A credit union’s balance sheet is not just a financial document; it is a psychological artifact. It is the direct result of the CEO’s underlying risk disposition and emotional intelligence.
To predict how a leader will navigate the next economic shift, boards must move beyond spreadsheets and look at two crucial behavioral indicators.
1. The Risk Factor: Alignment vs. Ability It is tempting to label a CEO who aggressively pushed loans in 2021 as reckless, and one who built capital buffers as wise. But human behavior is more complex than that.
Using the Risk Type Compass framework, we know that every leader has a natural, neurological bias toward risk.
- The Adventurous CEO is wired to see opportunity. In a low-rate, high-growth environment, their natural disposition is highly rewarded. But when the environment shifts to a contraction, their natural impulse to keep accelerating becomes a liability.
- The Wary or Prudent CEO is wired to see the downside. In a booming economy, their caution might unnecessarily starve the credit union of growth. But in a tightening credit cycle, that same caution makes them look like an operational genius.
Success is not about having the "perfect" risk type. It is about alignment. A CEO succeeds when their natural risk disposition matches the current economic environment. The danger for a board isn't having an aggressive or cautious CEO; the danger is having a CEO who lacks the self-awareness to know when their natural bias no longer fits the economic reality.

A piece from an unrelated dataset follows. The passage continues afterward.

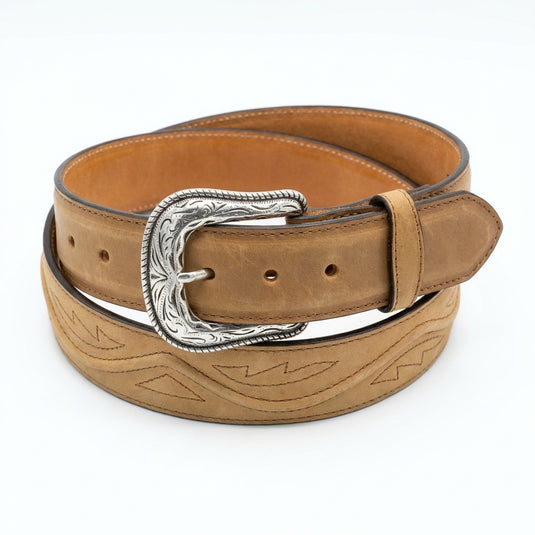 B34 - RockinLeather Crazy Tan Cowhide Leather Belt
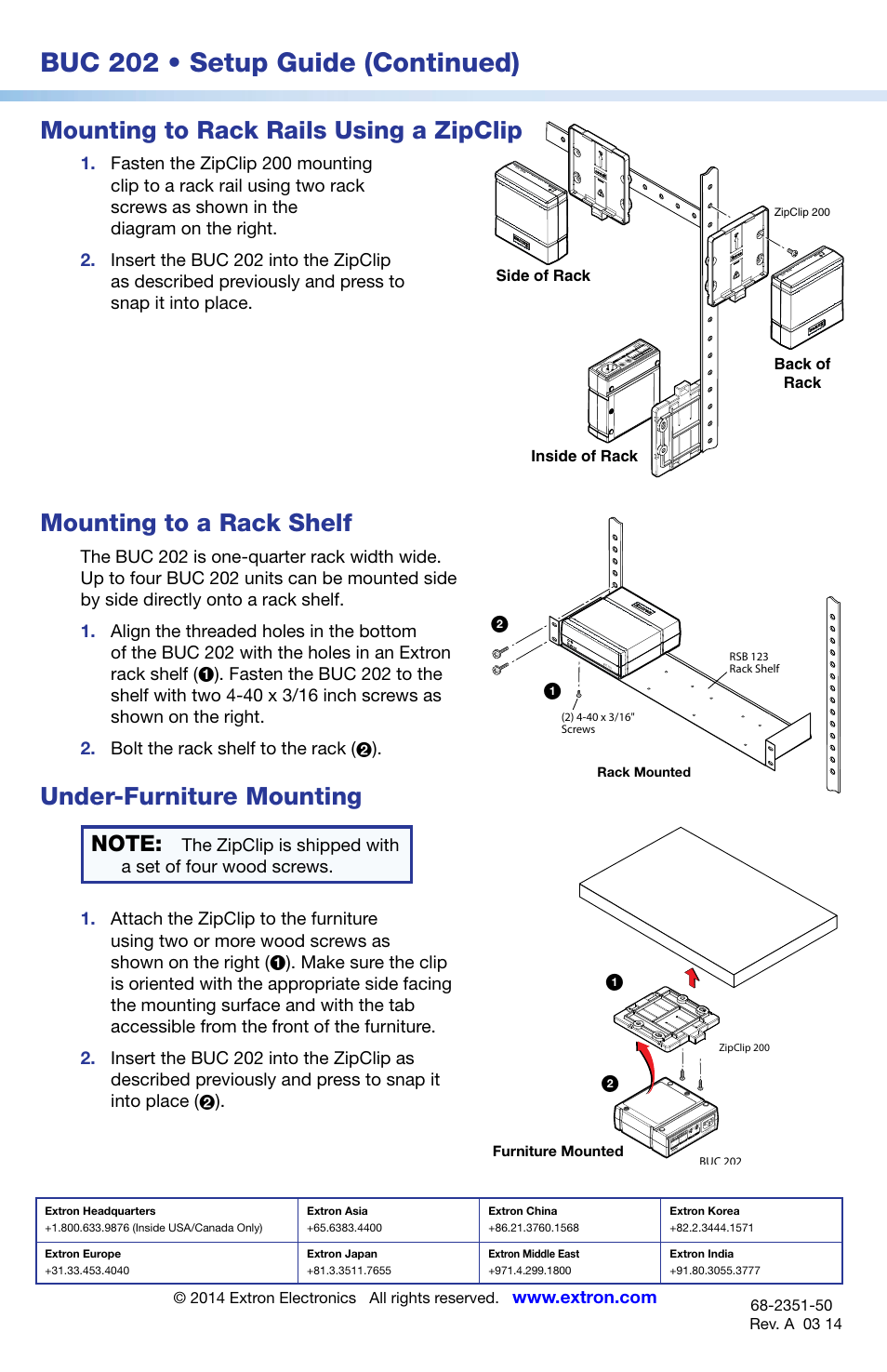 Buc 202 • setup guide (continued), Mounting to rack rails using a zipclip, Mounting to a rack shelf | Under-furniture mounting | Extron Electronics BUC 202 Setup Guide User Manual | Page 4 / 4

2. The EQ Factor: The Bridge Between Cycles The true test of a CEO is not how they act when the environment matches their personality. The test is how they behave when the economic cycle turns against their natural instincts. Can the Adventurous CEO pump the brakes? Can the Prudent CEO seize a rare market opportunity?
This requires high Emotional Intelligence. When we evaluate leaders using the EQ-i 2.0 model, we look specifically at two traits that determine survival during a market shift:
- Reality Testing: Is the CEO objective enough to see that the easy-money days are over? Leaders with low Reality Testing fall into the sunk-cost trap, defending their past strategies even when the data proves they are failing. Leaders with high Reality Testing see the market exactly as it is, without ego, and adjust accordingly.
- Flexibility: When early warning signs appear—like rising 30-day delinquencies or increased credit line utilization—can the CEO change their mind? An emotionally intelligent leader solicits feedback, builds consensus with the board, and delivers bad news promptly so the institution can adjust its strategy. A rigid leader hides the data to protect their image.
The Real Test for the Board
The original article noted that some CEOs who thrive during an economic expansion simply cannot make the shift to defense during a contraction. The skill sets and temperament are different.
If your board is trying to evaluate whether your CEO is ready for the road ahead, don't just look at the capital buffer they built three years ago. Look at how they handle objective reality today. A sustainable, resilient credit union is not built by a leader who predicts the future perfectly. It is built by a leader with the emotional intelligence to adapt when the future changes.